Episode Report Card Lady Lola: B+ | Grade It Now! YOU GRADE IT Dis Engagement

By Lady Lola | Season 4 | Episode 16 | Aired on 03.25.2010

The Singles Market Is About As Bleak As the Job Market, Huh?
Jenna: A breakfast date? Who is this guy?
Lemon: I met him on K-Date, which is the personals section of the Kraft Foods website.
Jenna: And? What was he like?
Lemon: Ummmm, he owns a cockatiel named Arliss.
Jenna: Oh God!

"Make a Hockey-Lovin' Face"
Pete: Hey, Danny, congratulations.
Frank: Congratulations? For what?
Pete: Danny was nominated for a Juno, which is like a Canadian Grammy.
Danny: Yeah, I recorded the psych-up song that plays during Ottawa Senators games. I'm not going to win, but it's an honor just to be nominated in the same category as Sir Dave Coulier.
Pete: Well, it should be great exposure for you.
Danny: I know! And there's going to be a profile of me in the New York Times as filler because of dwindling ad sales! Isn't that awesome?
Frank: I am sick of that guy's positive energy. We gotta start messing with him.
Lutz: Yeah, like, what if we trick him into kissing me? It'd be so funny, because I'm not gay.

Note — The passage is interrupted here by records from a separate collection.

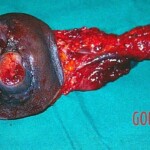 Surgical removal of giant tumour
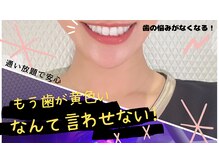 フィフティース(FIFTEETH)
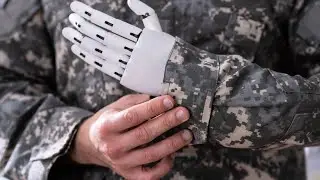 How the Amputee Coalition helps our Veterans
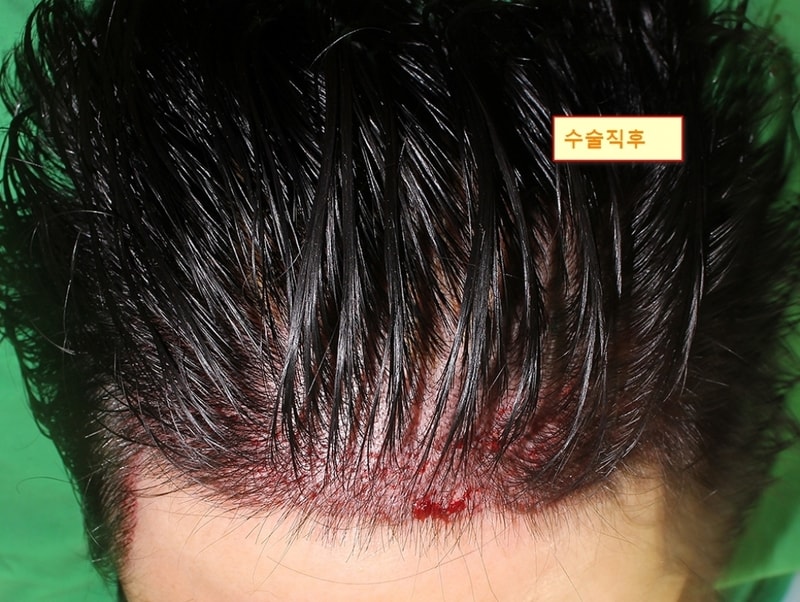 직후1.jpg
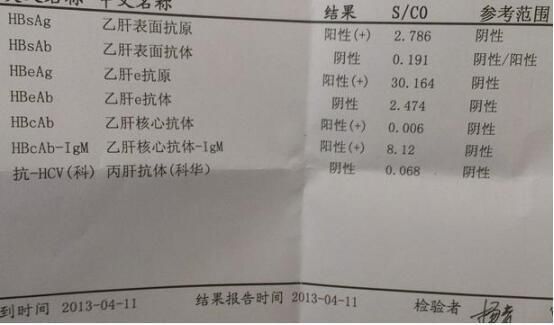 一般乙肝大三阳到肝硬化多长时间 乙肝大三阳肝硬化传染科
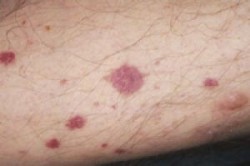 Vasculitis tünetek kezelésére népi jogorvoslati otthon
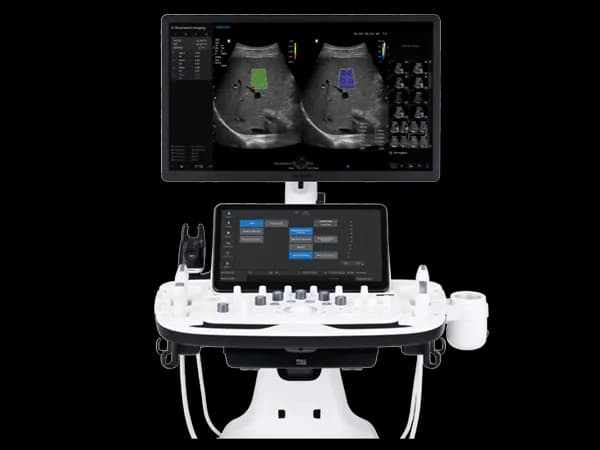 초음파 (Samsung V7)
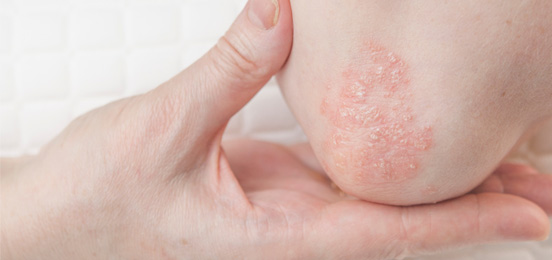 What is psoriasis?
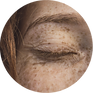 Skin-Elasticity.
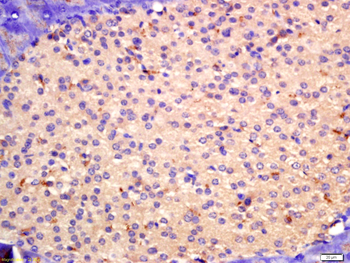 TIG2 Rabbit Polyclonal Antibody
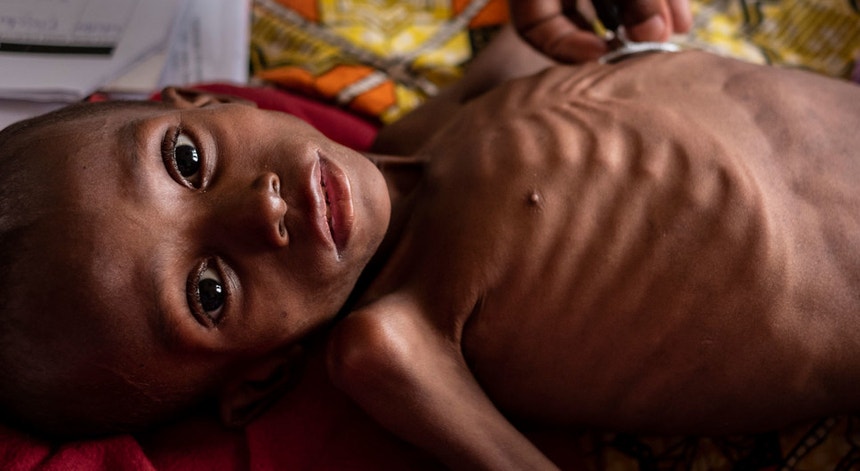 A desnutrição afeta cada vez mais crianças
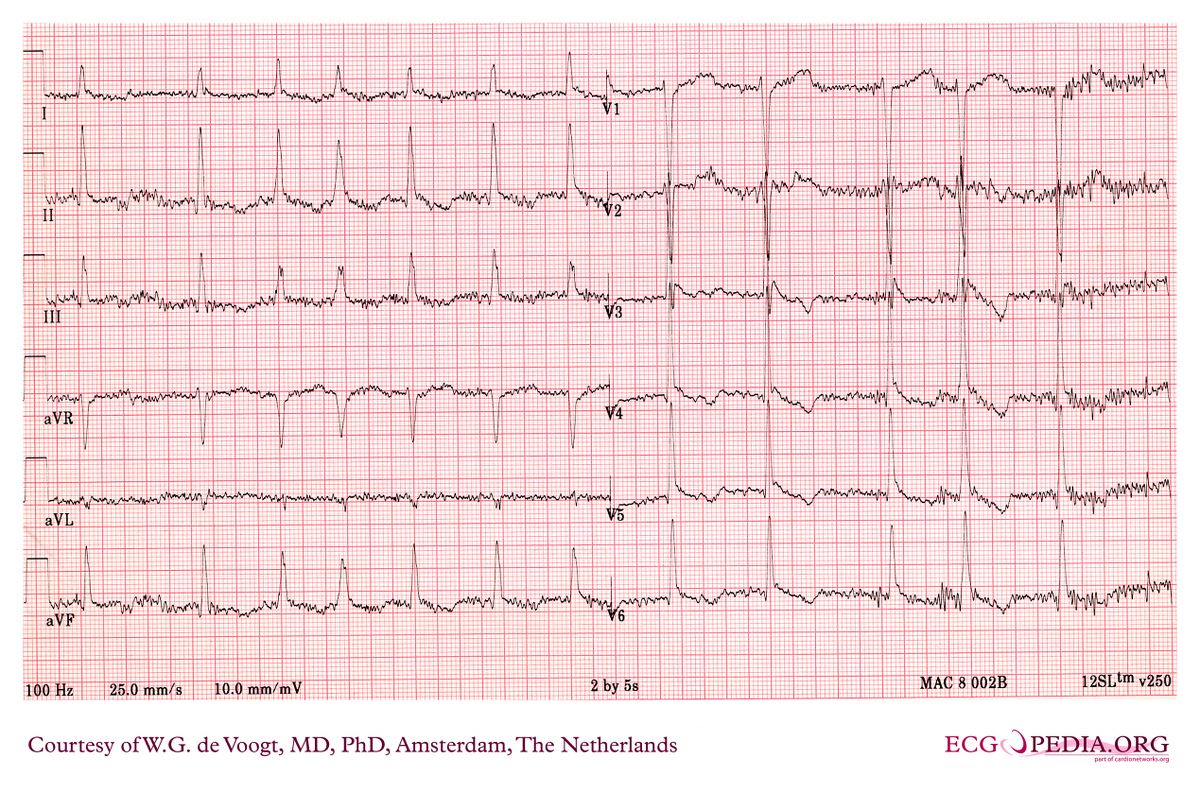 File:DVA0658.jpg - ECGpedia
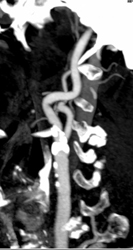 Carotid Stenosis - CTisus CT Scan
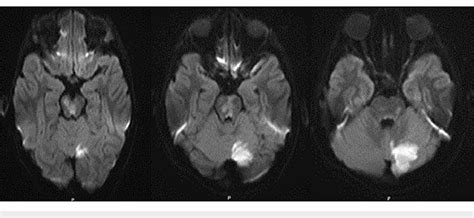 Dwi Sequence With Ischemic Changes In The Midbrain Pons And Left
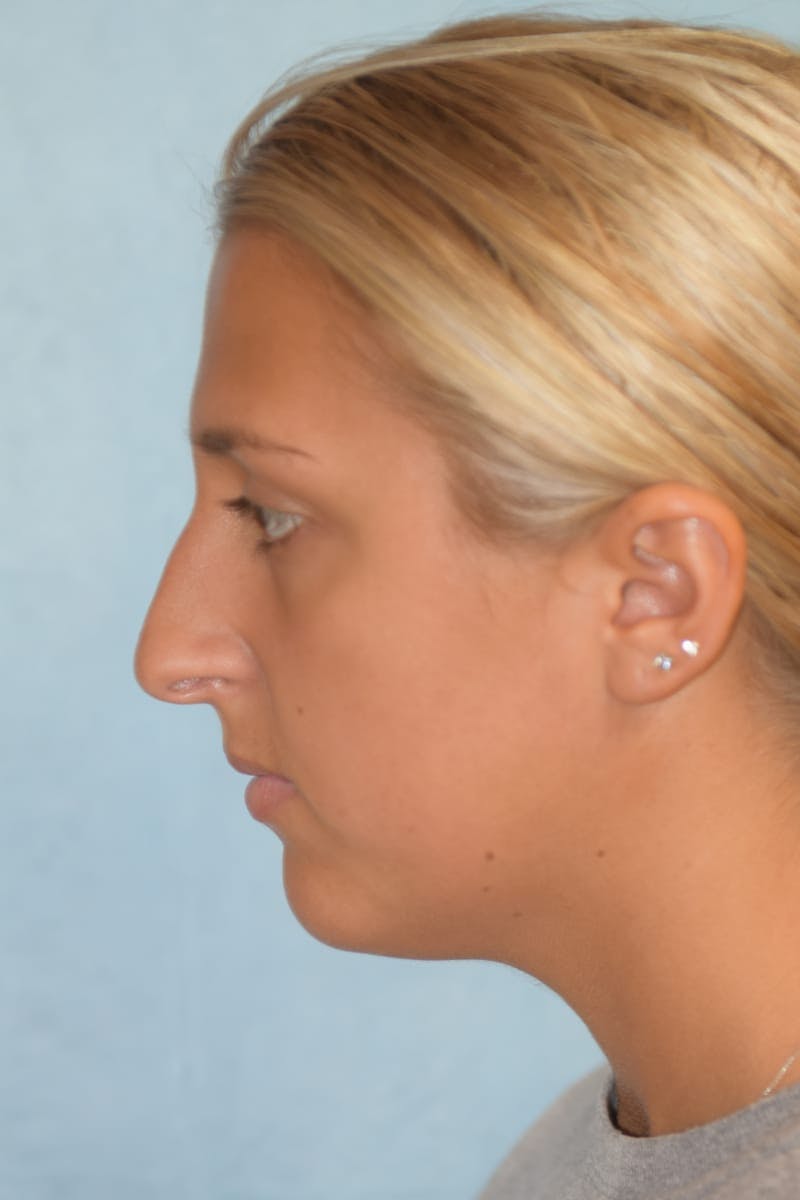 Rhinoplasty Before & After Gallery - Patient 36550413 - Image 7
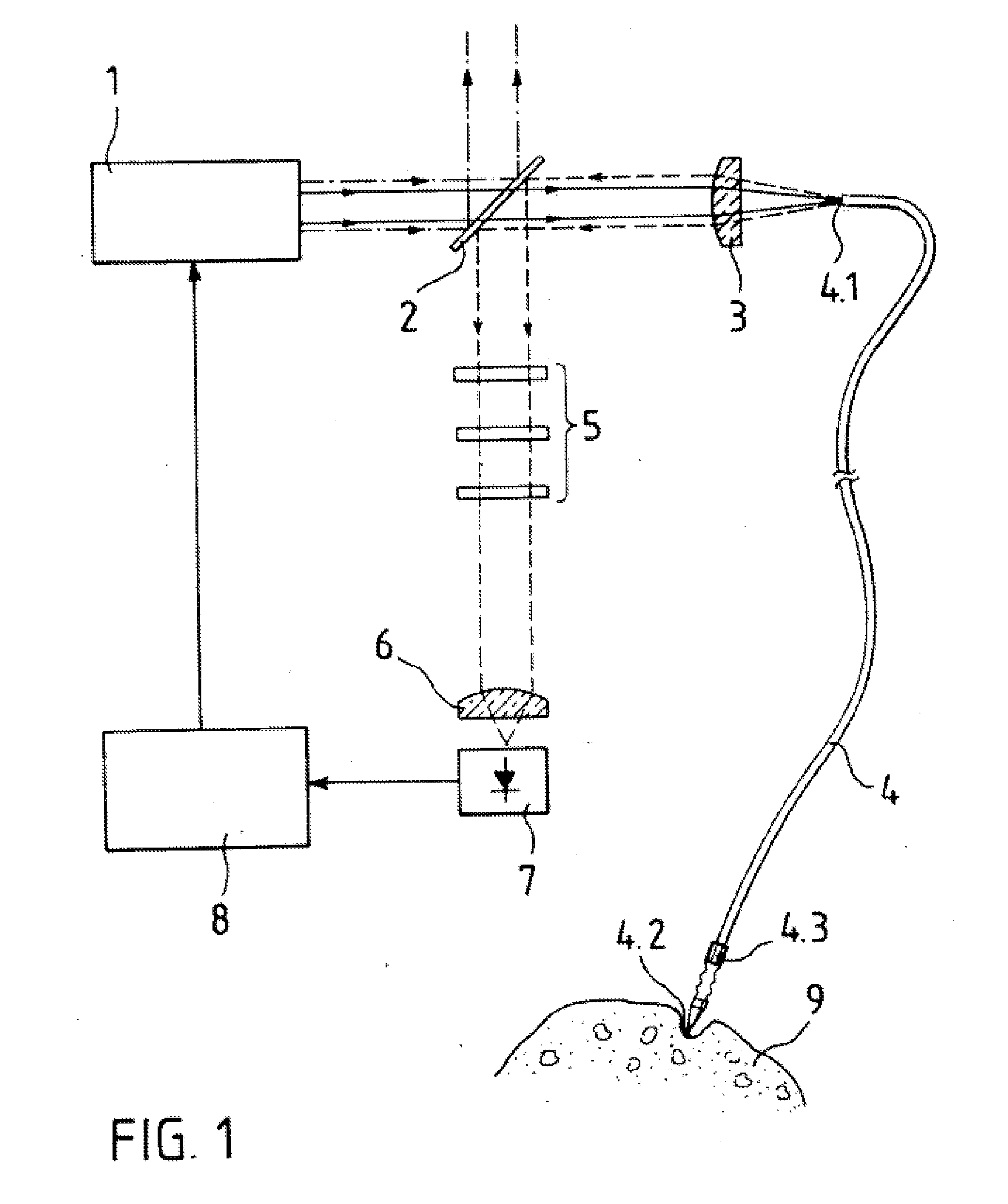 Laser-Based Lipolysis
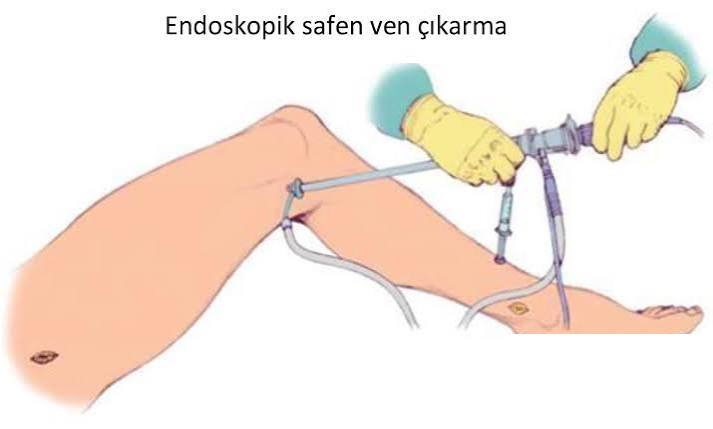 Endoskopik Safen Çıkarma Sistemi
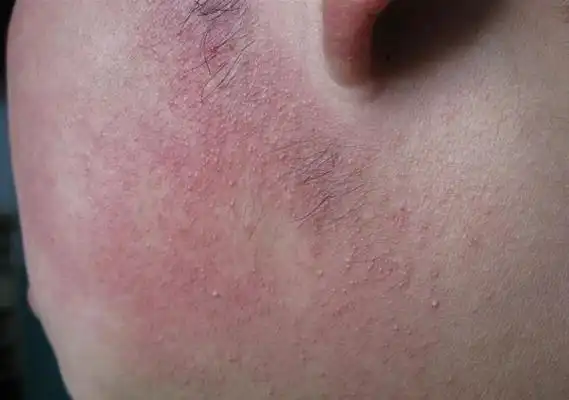 毛周角化症图片39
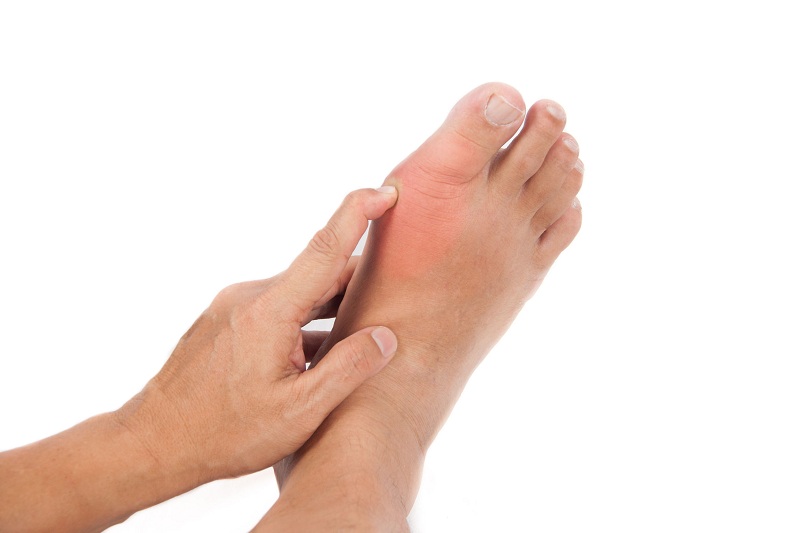 Người bị thoái hóa khớp thường có dấu hiệu sưng ngón chân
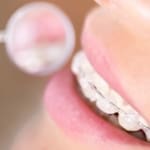 Geans Clinic - Adult Braces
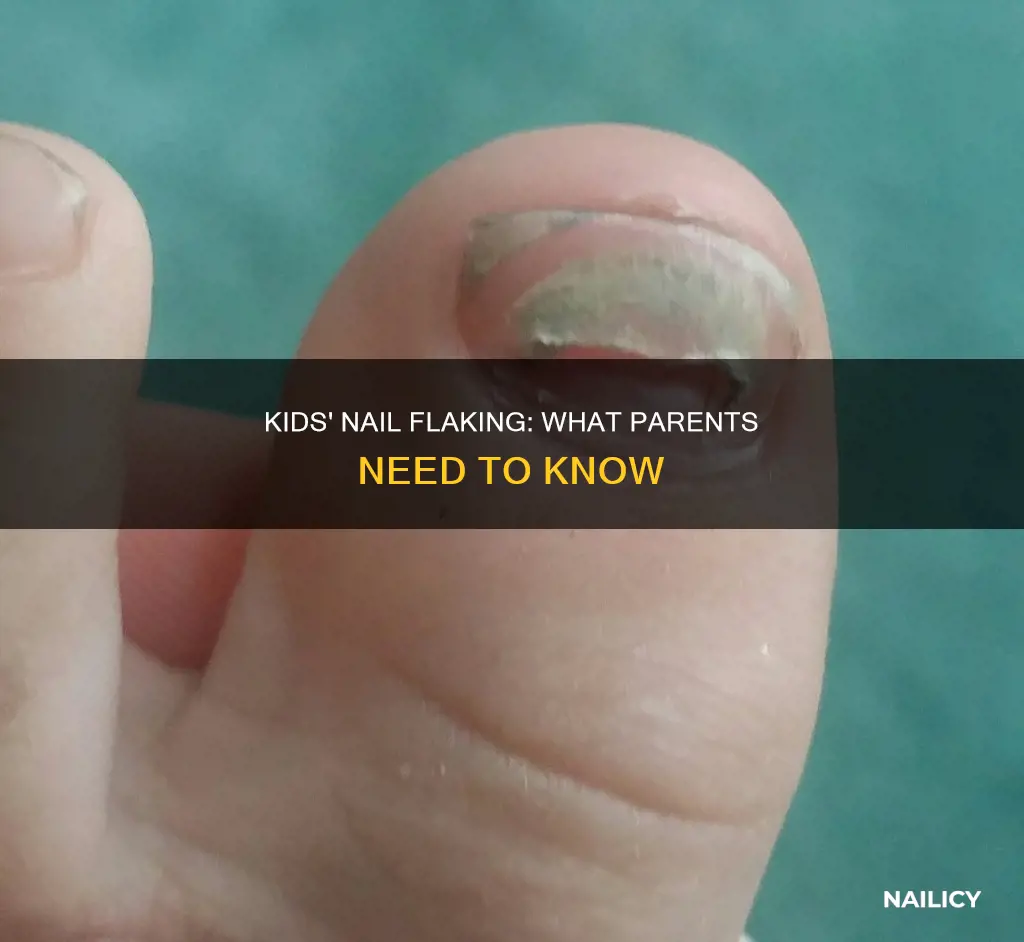 why do kids finger nails flake
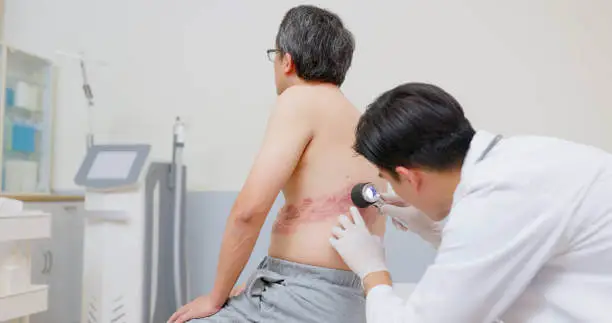 대상포진 초기증상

Sexting and Hegans, You've Been Replaced
Pete: Kenneth, I'm having a Tracy and Jenna problem.
Kenneth: Gosh, Mr. Hornberger, you say that so often you should come up with a shortcut word for it, like "I've a Trennaprah."
Pete: Well, Danny's interview with the New York Times comes out today, so I have a "Trennaprah."
Kenneth: A what?

Danny Pulls a Biden
Danny: I don't know how this happened, Jack, but it's bad. I think I really screwed up.
Jack: A female page? Don't worry, they disappear all the time.
Danny: No. I did an interview for the New York Times, and they printed all this stuff that I didn't say!
Jack: Typical liberal media. That's why I get all my news from Dick Cheney's website, DickViews.com.
Danny: I never said that Liz "banged her way to the middle." Or that "Jenna kidnapped a Swedish au pair to use as a hair farm. And I never called Tracy "clean" and "articulate." Why would I? He's not!

Thinking Outside the Box, Prankly Speaking
Jack: I'm no stranger to the art of japery. At Princeton I was in a secret society. I shouldn't tell you this, but one time we snuck up to Dartmouth and put their mascot in a box and sent it to Mexico City. We didn't know until the next day that "it" was an actual Indian. He didn't speak a word of English! Like all Dartmouth men!